Latest update November 23rd, 2024 12:10 AM
Mar 15, 2015 Features / Columnists, My Column
I was at my desk when word came that a man had been shot multiple times at Agricola, Tuesday night. So there I was assigning a reporter and telling him that he needed to head to Agricola. Soon after he called me to ask whether I was certain, because a contact had told him that the shooting was in Diamond.
I replied that I was certain. Little did I know that there was indeed a shooting at Diamond, almost simultaneous with the killing at Agricola. But I got the news pretty quickly and got another reporter to head to Diamond.
When the reporter called to say that the victim at Diamond was Courtney Crum-Ewing, I was stunned. A colleague editor, Nigel McKenzie, then called a number of people who had been associates of Crum-Ewing. He told me that their reaction was not dissimilar from mine.

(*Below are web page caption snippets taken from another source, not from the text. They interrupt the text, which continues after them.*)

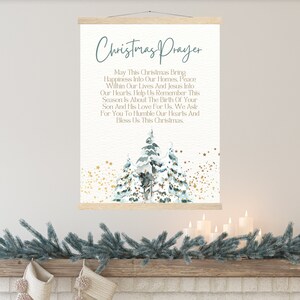Christmas Prayer Poster Large Christmas Sign | Holiday Wall Hanging |Xmas Poster|Snowy Trees Art Christmas Banner|Nordic Christmas Scripture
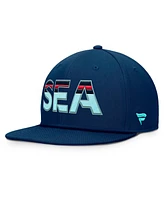 Fanatics Men's Deep Sea Blue Seattle Kraken Authentic Pro Rink Snapback Hat
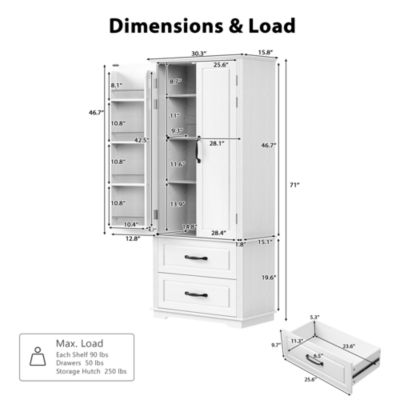 CASAINC 71" Embossed Finish Freestanding Cabinet with 2 Drawers & Multiple Shelves Pantry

They simply could not believe it.
What has happened since then has been in the news. I know that I visited the parents and I saw their grief first hand. I heard their accounts of what people told them and I got reports of what the police were doing.
Sometimes in life it is damned if you do and damned if you don’t. The police response was almost instantaneous and people reacted to this rapid response. They said that they had never seen such a response, so they wondered whether the police were party to the killing.
There were eyewitnesses; many of them testified to seeing some of what happened. However, their account, while useful, has not borne the expected result. But I know that there was an eyewitness to the murder, and that the person is afraid to say anything for fear that the guns could be pointed in his direction, because in his view the state cannot protect him.
In a country where the Head of State has openly called for the killers to be brought to justice, I cannot understand the fear on the part of this eyewitness. But then again, people feel that many statements by officials only serve as window dressing; that they are not really serious. I know that President Ramotar was serious. I saw his face when he made his call and I heard his call for not only the killers but also the intellectual authors to be brought to book.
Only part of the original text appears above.